Фрагмент ироничной прозы (примеры в статье приводятся из рассказа С.Довлатова «Сентиментальный детектив» ) дает представление о многообразии средств выражения директивности в русском языке: различные глагольные формы (1, 6-9, 11, 16, 18, 20-22, 24, 26), перформативы (2, 5), модально-инфинитивные сочетания (10, 12, 16, 19, 23, 25), конструкции с безличными глаголами (13) и безлично-предикативными словами (4, 14, 15, 17), частицы (27), сложноподчиненные предложения (3). Следует сказать, что это далеко не полный перечень возможного в русской коммуникации выражения волеизъявления.

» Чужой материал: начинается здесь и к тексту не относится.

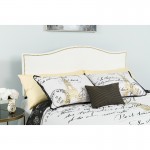 Lexington Upholstered Full Size Headboard with Accent Nail Trim in White Fabric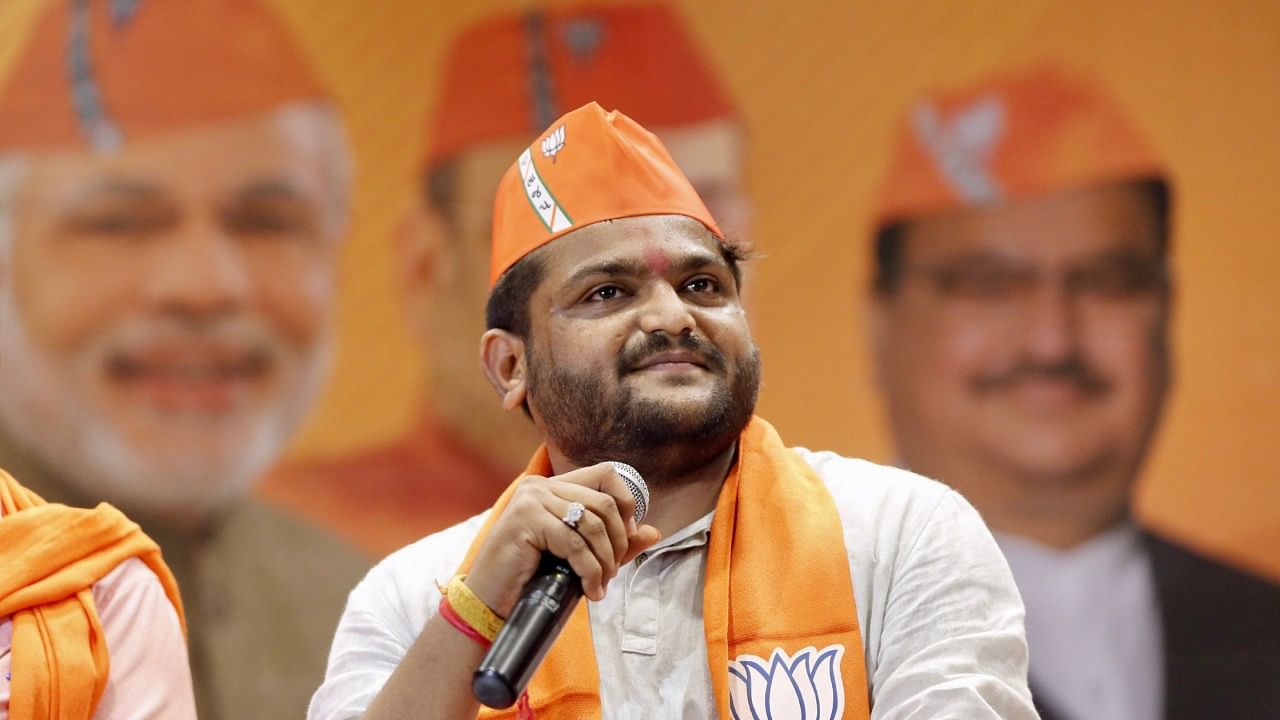 Former Congress leader Hardik Patel contested on a BJP ticket. Credit: PTI Photo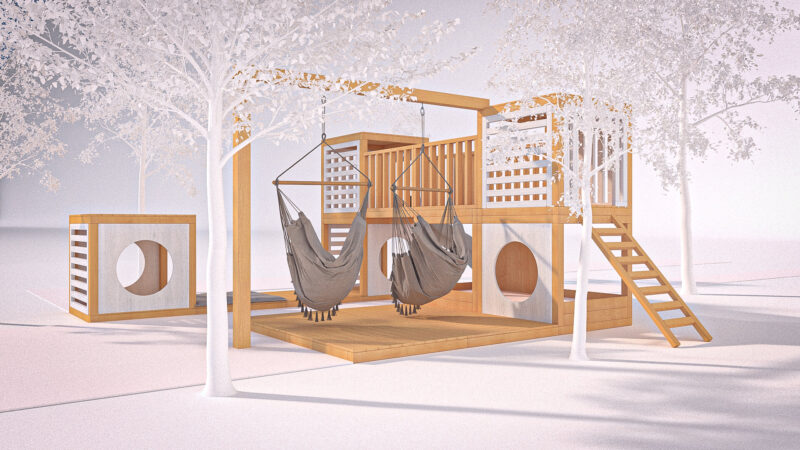 modułowy plac zabaw ze zjeżdżalnią i huśtawkami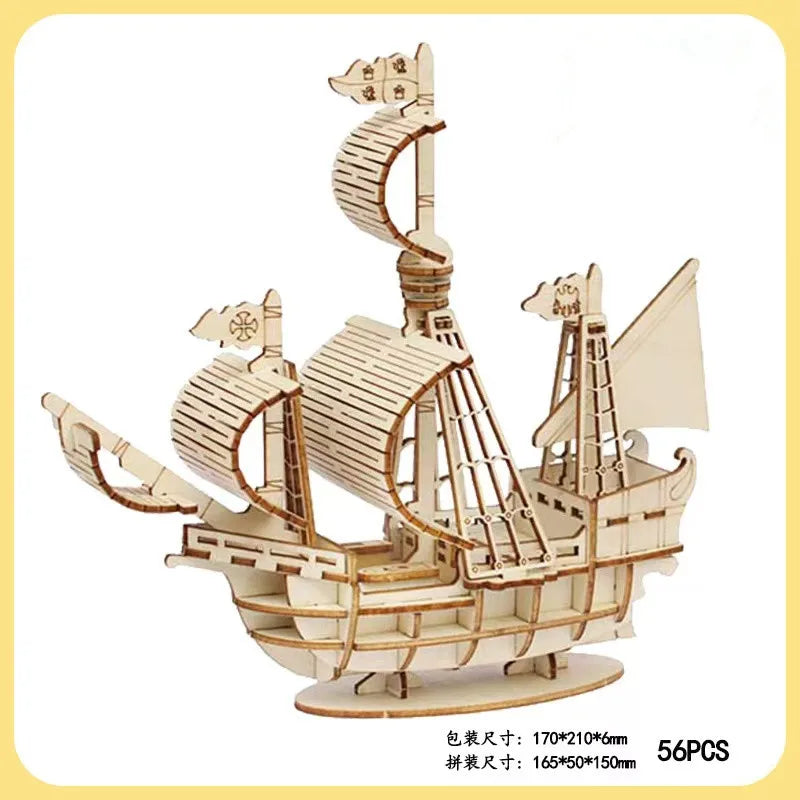 Wooden ship model puzzle with detailed design on a white background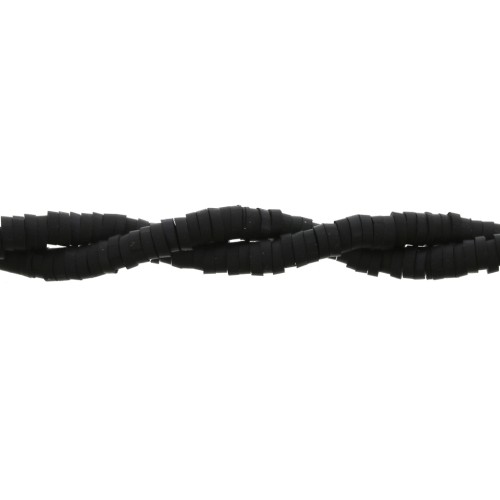 Cuentas arandalas Heishi 3,5x1 mm Negro x45 cm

— Чепуха! Возьмите себя в руки (1). Мы решили помочь (2) вам, Джонни. Необходимо, чтобы вы вновь поверили в себя (3). Два года простоя отразились на вашем состоянии. Вам надо жить (4) нормальной жизнью. ...Мы решили послать (5) вас в Москву, Джон Смит. Вы чем-то недовольны? ...Нас интересуют стратегические объекты русских в квадрате У-15. Так вот, вы оказываетесь (6) в России, поступаете (7) на работу, заводите (8) друзей, а через год к вам является коллега, и вы начинаете (9) совместные акции. Все ясно? Полагаю, вы не утратили навыки оперативной работы. Мне стоило большого труда отстоять вашу кандидатуру перед генералом Ричардсоном. Вы должны оправдать мои надежды (10), Смит. — Не сомневайтесь (11) в этом, господин майор. — Вас ожидает цепь злоключений. Мало ли что встретится на вашем пути. Вам придется рисковать (12). От вас потребуется (13) физическая сила и выносливость. Например, вы смоэ/сете переплыть реку? ... Главное — плыть не вдоль, а поперек. Джон Смит кивнул, давая понять, что считает это замечание ценным... Вам нужно подготовиться, усовершенствоваться (14) в языке... В СССР надо работать (15)осторожно. Не вздумайте предлагать (Іб)русским деньги. Вы рискуете получить в морду. Русских надо просить (17). Просите (18), и вам дадут. Например, вы знакомитесь в ресторане с директором военного завода. Не дай бог совать (19) ему взятку. Вы обнимаете (20) директора за плечи и после третьей рюмки говорите (21) тихо и задушевно: «Вова, не в службу, а в дружбу, набросай (22) мне на салфетке план твоего учреждения»... Вы должны будете принимать во внимание (23) известную строгость русских нравов... Мороженое заменит вам пароль, — сказал он, — одна половинка будет у вас, другая — у человека, который явится год спустя. Вы соединитесь и начнете действовать (24) вместе. Ну, кажется, все. Можете идти (25).